* Stored data
BEGIN
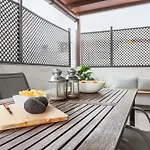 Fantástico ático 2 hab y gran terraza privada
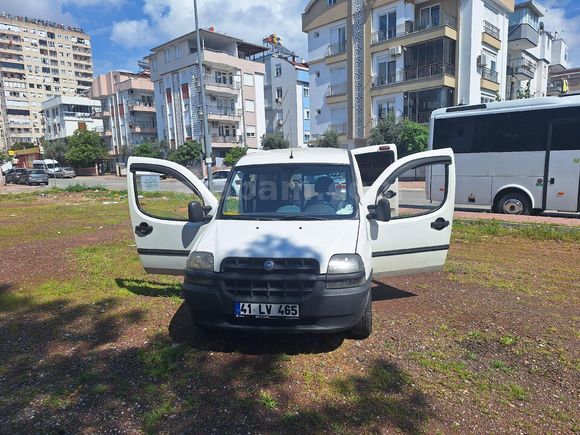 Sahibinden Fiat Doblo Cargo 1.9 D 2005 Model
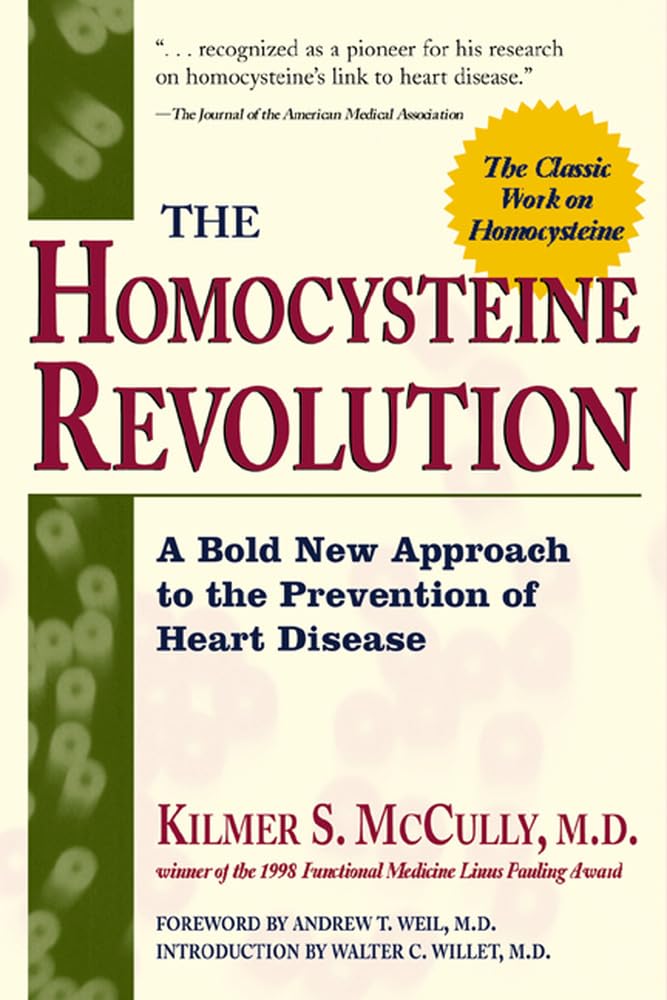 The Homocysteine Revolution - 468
END
* Problem to work on
Exclude the pictures and print the rest of the data exactly.

* Expected answer
 Fantástico ático 2 hab y gran terraza privada
 Sahibinden Fiat Doblo Cargo 1.9 D 2005 Model
 The Homocysteine Revolution - 468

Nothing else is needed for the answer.